Il vero lascito di Tina Anselmi alla democrazia italiana

Opinioni

Un anno fa moriva Tina Anselmi, un esempio per tutte le donne

Un anno fa moriva Tina Anselmi. Un esempio per tutte noi. La prima donna ministro in Italia, presidente della commissione d’inchiesta sulla p2, sindacalista, staffetta partigiana. Ho ancora nella mente e nel cuore l’immagine del suo feretro avvolto nella bandiera tricolore il giorno dei suoi funerali. Il silenzio dei presenti sul sagrato della chiesa di Castelfranco, che lei definiva nella sua giovinezza il luogo dove “il tempo veniva scandito dai lavori dei campi, la povertà accompagnava l’esistenza, così come il decoro e la dignità; la fede, la speranza, la carità erano virtù rispettate e da rispettare”, è stato l’ultimo omaggio ad una madre della patria.   

Un silenzio autentico, di profondo rispetto, di gratitudine, di gioia, di devozione. Un silenzio che ricordava la prima strofa di una poesia di Alda Merini, anche lei ci ha lasciato 9 anni fa in questi giorni, “ho bisogno di silenzio come te che leggi col pensiero non ad alta voce il suono della mia stessa voce”. E a leggere con il pensiero la sua stessa voce Tina purtroppo ci aveva abituato già da qualche anno a causa della sua malattia.

Mi mancavano da un po’ di tempo le conversazioni al telefono sull’attualità politica e gli incontri in occasione di eventi o iniziative durante i quali ritagliavamo sempre uno spazio per un dialogo privato denso di suoi racconti del passato e di indicazioni di futuro e di prospettive. Ed è stato proprio durante la presentazione del libro “Storia di una passione politica”, nel giorno del suo compleanno di qualche anno fa, che Tina mi ha scritto su un foglio di carta quello che secondo lei doveva essere la politica delle donne. Una sola battaglia ci doveva caratterizzare, mi diceva, intorno alla quale far confluire le altre. Come conciliare il lavoro con la maternità.

Le donne in Italia si sono impegnate su questo terreno, ma forse non ancora abbastanza, se molte sono disoccupate, lasciano il lavoro alla nascita del primo figlio, difficilmente lo riprendono e percepiscono salari più bassi e pensioni più povere.
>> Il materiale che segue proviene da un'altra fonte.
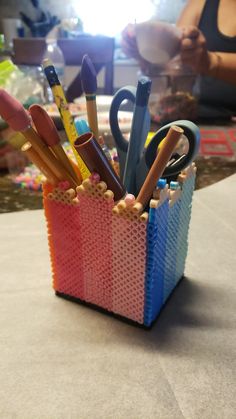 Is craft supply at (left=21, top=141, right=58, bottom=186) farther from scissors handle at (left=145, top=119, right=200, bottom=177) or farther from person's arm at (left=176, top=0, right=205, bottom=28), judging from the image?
person's arm at (left=176, top=0, right=205, bottom=28)

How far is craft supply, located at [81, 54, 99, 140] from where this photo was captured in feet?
1.09

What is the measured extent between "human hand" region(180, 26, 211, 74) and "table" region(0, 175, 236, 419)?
1.95 feet

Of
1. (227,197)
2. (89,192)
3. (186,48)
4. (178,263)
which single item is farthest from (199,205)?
(186,48)

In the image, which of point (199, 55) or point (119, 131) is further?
point (199, 55)

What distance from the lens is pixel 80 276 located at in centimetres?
39

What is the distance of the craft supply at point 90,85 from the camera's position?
333 millimetres

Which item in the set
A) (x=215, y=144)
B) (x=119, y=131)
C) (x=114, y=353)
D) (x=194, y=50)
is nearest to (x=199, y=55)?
(x=194, y=50)

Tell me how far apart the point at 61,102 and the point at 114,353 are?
0.77 feet

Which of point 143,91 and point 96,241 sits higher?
point 143,91

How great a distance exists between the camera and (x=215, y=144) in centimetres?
86

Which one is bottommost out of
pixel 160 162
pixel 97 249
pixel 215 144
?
pixel 215 144

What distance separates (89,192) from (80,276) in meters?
0.10

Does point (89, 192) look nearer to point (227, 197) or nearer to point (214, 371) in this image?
point (214, 371)

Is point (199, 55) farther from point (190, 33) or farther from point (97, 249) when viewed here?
point (97, 249) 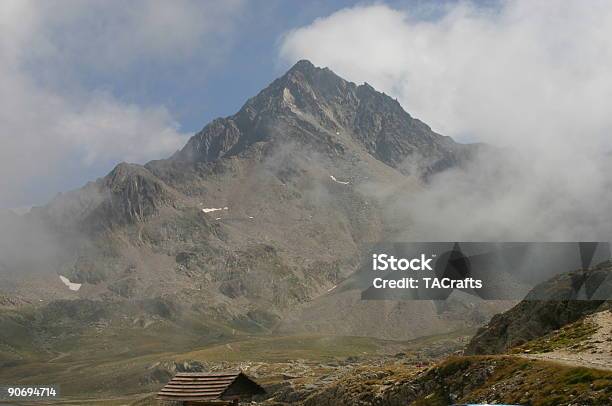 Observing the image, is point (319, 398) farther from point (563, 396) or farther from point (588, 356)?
point (563, 396)

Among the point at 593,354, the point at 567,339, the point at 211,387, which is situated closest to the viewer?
the point at 211,387

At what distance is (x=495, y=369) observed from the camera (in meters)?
56.2

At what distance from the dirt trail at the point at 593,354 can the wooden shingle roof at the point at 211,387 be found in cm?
2601

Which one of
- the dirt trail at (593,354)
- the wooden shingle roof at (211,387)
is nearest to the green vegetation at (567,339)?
the dirt trail at (593,354)

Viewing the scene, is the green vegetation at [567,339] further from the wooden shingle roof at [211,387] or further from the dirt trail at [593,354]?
the wooden shingle roof at [211,387]

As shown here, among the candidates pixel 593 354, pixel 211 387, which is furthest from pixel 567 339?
pixel 211 387

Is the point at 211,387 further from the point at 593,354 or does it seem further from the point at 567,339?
the point at 567,339

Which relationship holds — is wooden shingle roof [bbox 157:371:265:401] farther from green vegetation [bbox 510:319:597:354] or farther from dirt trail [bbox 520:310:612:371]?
green vegetation [bbox 510:319:597:354]

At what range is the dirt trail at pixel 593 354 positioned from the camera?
48.5 metres

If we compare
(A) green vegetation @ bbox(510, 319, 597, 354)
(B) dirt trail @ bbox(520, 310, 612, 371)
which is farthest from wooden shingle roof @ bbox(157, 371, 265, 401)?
(A) green vegetation @ bbox(510, 319, 597, 354)

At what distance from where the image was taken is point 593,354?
177 feet

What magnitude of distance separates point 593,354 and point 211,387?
35.7 m

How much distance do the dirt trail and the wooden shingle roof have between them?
26007mm

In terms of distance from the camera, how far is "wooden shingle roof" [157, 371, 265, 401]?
116 feet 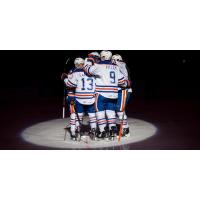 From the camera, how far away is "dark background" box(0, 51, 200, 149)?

Tanto abbiamo realizzato anche in questa legislatura, dal divieto di dimissioni in bianco al bonus babysitter, al decreto conciliazione lavoro-famiglia del Jobsact. Ma la strada da percorrere è ancora lunga, anche perché l’Anselmi diceva sempre che nessuna vittoria è irreversibile, dopo aver vinto possiamo anche perdere e guai al disimpegno delle donne.   
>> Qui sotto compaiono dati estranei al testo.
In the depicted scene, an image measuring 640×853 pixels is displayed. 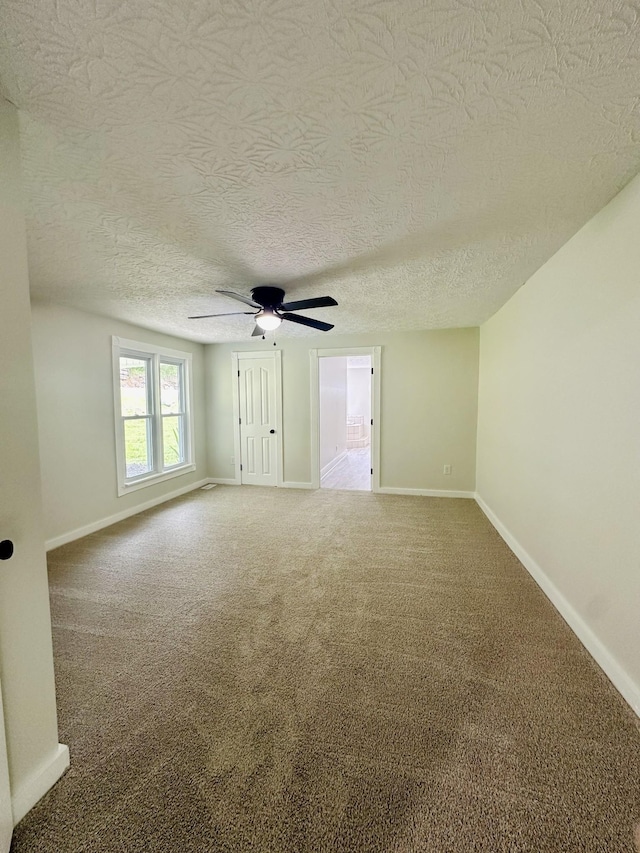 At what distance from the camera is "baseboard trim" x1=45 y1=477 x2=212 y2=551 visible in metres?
3.18

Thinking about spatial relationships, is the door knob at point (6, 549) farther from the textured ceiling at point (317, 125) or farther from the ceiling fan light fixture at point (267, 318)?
the ceiling fan light fixture at point (267, 318)

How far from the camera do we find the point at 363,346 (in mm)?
4824

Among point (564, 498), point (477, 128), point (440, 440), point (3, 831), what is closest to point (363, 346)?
point (440, 440)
E’ proprio l’impegno delle donne il vero lascito di Tina Anselmi alla democrazia italiana, un lascito da cui continuare la nostra battaglia per non “maltrattare” la politica, come lei ammoniva.  Noi oggi viviamo in un tempo difficile, di bugie, di false verità, ma lottiamo per riprendere il bello della politica che può incidere sulla vita degli altri, modificarla, migliorarla e costruire qualcosa che possa durare nel tempo. Su questa scia Tina mi ha messo nero su bianco “per un’amicizia che non avrà confini”. Parole che colmano il silenzio e trasferiscono una grande responsabilità.